--- DATA ---

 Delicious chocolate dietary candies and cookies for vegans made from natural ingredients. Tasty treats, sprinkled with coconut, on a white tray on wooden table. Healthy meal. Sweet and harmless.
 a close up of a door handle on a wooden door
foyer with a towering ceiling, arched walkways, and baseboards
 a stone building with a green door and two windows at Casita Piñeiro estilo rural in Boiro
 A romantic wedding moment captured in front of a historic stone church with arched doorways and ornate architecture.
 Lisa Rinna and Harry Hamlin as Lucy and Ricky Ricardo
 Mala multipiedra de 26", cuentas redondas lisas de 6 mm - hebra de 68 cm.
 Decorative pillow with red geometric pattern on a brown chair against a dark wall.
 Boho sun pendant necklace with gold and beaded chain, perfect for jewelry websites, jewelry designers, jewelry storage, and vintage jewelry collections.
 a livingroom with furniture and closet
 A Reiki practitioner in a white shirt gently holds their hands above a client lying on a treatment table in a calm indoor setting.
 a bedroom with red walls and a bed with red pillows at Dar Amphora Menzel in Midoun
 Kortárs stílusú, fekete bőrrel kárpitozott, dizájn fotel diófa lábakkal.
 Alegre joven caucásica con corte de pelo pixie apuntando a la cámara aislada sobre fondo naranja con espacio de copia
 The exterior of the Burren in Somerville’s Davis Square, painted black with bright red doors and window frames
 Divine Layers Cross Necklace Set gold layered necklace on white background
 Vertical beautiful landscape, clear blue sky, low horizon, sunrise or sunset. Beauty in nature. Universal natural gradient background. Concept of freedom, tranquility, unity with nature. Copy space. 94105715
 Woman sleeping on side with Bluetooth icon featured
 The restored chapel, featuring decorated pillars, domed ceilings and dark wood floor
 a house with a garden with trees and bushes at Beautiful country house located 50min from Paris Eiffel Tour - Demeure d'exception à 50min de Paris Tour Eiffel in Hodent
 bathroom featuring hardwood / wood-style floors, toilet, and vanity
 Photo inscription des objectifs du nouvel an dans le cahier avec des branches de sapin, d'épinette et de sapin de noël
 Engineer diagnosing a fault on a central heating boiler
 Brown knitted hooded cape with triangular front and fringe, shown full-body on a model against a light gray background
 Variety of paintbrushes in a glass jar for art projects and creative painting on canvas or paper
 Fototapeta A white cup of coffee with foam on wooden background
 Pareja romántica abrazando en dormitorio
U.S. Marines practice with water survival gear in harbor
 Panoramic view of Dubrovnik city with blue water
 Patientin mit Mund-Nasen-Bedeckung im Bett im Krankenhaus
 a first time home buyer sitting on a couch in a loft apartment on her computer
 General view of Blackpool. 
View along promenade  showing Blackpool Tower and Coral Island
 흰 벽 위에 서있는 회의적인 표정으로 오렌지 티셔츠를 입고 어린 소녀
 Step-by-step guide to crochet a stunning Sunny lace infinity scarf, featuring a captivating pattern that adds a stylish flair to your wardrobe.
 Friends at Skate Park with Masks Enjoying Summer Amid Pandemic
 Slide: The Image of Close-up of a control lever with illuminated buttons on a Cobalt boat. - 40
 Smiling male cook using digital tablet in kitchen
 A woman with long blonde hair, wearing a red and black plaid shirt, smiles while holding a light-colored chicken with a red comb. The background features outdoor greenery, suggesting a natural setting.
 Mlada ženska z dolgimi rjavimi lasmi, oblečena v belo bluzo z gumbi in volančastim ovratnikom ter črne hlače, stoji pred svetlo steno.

---

TASK OBJECTIVE: Above are some records; extract every one of them exactly.

SOLUTION TO THIS PROBLEM:
 Delicious chocolate dietary candies and cookies for vegans made from natural ingredients. Tasty treats, sprinkled with coconut, on a white tray on wooden table. Healthy meal. Sweet and harmless.
 a close up of a door handle on a wooden door
foyer with a towering ceiling, arched walkways, and baseboards
 a stone building with a green door and two windows at Casita Piñeiro estilo rural in Boiro
 A romantic wedding moment captured in front of a historic stone church with arched doorways and ornate architecture.
 Lisa Rinna and Harry Hamlin as Lucy and Ricky Ricardo
 Mala multipiedra de 26", cuentas redondas lisas de 6 mm - hebra de 68 cm.
 Decorative pillow with red geometric pattern on a brown chair against a dark wall.
 Boho sun pendant necklace with gold and beaded chain, perfect for jewelry websites, jewelry designers, jewelry storage, and vintage jewelry collections.
 a livingroom with furniture and closet
 A Reiki practitioner in a white shirt gently holds their hands above a client lying on a treatment table in a calm indoor setting.
 a bedroom with red walls and a bed with red pillows at Dar Amphora Menzel in Midoun
 Kortárs stílusú, fekete bőrrel kárpitozott, dizájn fotel diófa lábakkal.
 Alegre joven caucásica con corte de pelo pixie apuntando a la cámara aislada sobre fondo naranja con espacio de copia
 The exterior of the Burren in Somerville’s Davis Square, painted black with bright red doors and window frames
 Divine Layers Cross Necklace Set gold layered necklace on white background
 Vertical beautiful landscape, clear blue sky, low horizon, sunrise or sunset. Beauty in nature. Universal natural gradient background. Concept of freedom, tranquility, unity with nature. Copy space. 94105715
 Woman sleeping on side with Bluetooth icon featured
 The restored chapel, featuring decorated pillars, domed ceilings and dark wood floor
 a house with a garden with trees and bushes at Beautiful country house located 50min from Paris Eiffel Tour - Demeure d'exception à 50min de Paris Tour Eiffel in Hodent
 bathroom featuring hardwood / wood-style floors, toilet, and vanity
 Photo inscription des objectifs du nouvel an dans le cahier avec des branches de sapin, d'épinette et de sapin de noël
 Engineer diagnosing a fault on a central heating boiler
 Brown knitted hooded cape with triangular front and fringe, shown full-body on a model against a light gray background
 Variety of paintbrushes in a glass jar for art projects and creative painting on canvas or paper
 Fototapeta A white cup of coffee with foam on wooden background
 Pareja romántica abrazando en dormitorio
U.S. Marines practice with water survival gear in harbor
 Panoramic view of Dubrovnik city with blue water
 Patientin mit Mund-Nasen-Bedeckung im Bett im Krankenhaus
 a first time home buyer sitting on a couch in a loft apartment on her computer
 General view of Blackpool. 
View along promenade  showing Blackpool Tower and Coral Island
 흰 벽 위에 서있는 회의적인 표정으로 오렌지 티셔츠를 입고 어린 소녀
 Step-by-step guide to crochet a stunning Sunny lace infinity scarf, featuring a captivating pattern that adds a stylish flair to your wardrobe.
 Friends at Skate Park with Masks Enjoying Summer Amid Pandemic
 Slide: The Image of Close-up of a control lever with illuminated buttons on a Cobalt boat. - 40
 Smiling male cook using digital tablet in kitchen
 A woman with long blonde hair, wearing a red and black plaid shirt, smiles while holding a light-colored chicken with a red comb. The background features outdoor greenery, suggesting a natural setting.
 Mlada ženska z dolgimi rjavimi lasmi, oblečena v belo bluzo z gumbi in volančastim ovratnikom ter črne hlače, stoji pred svetlo steno.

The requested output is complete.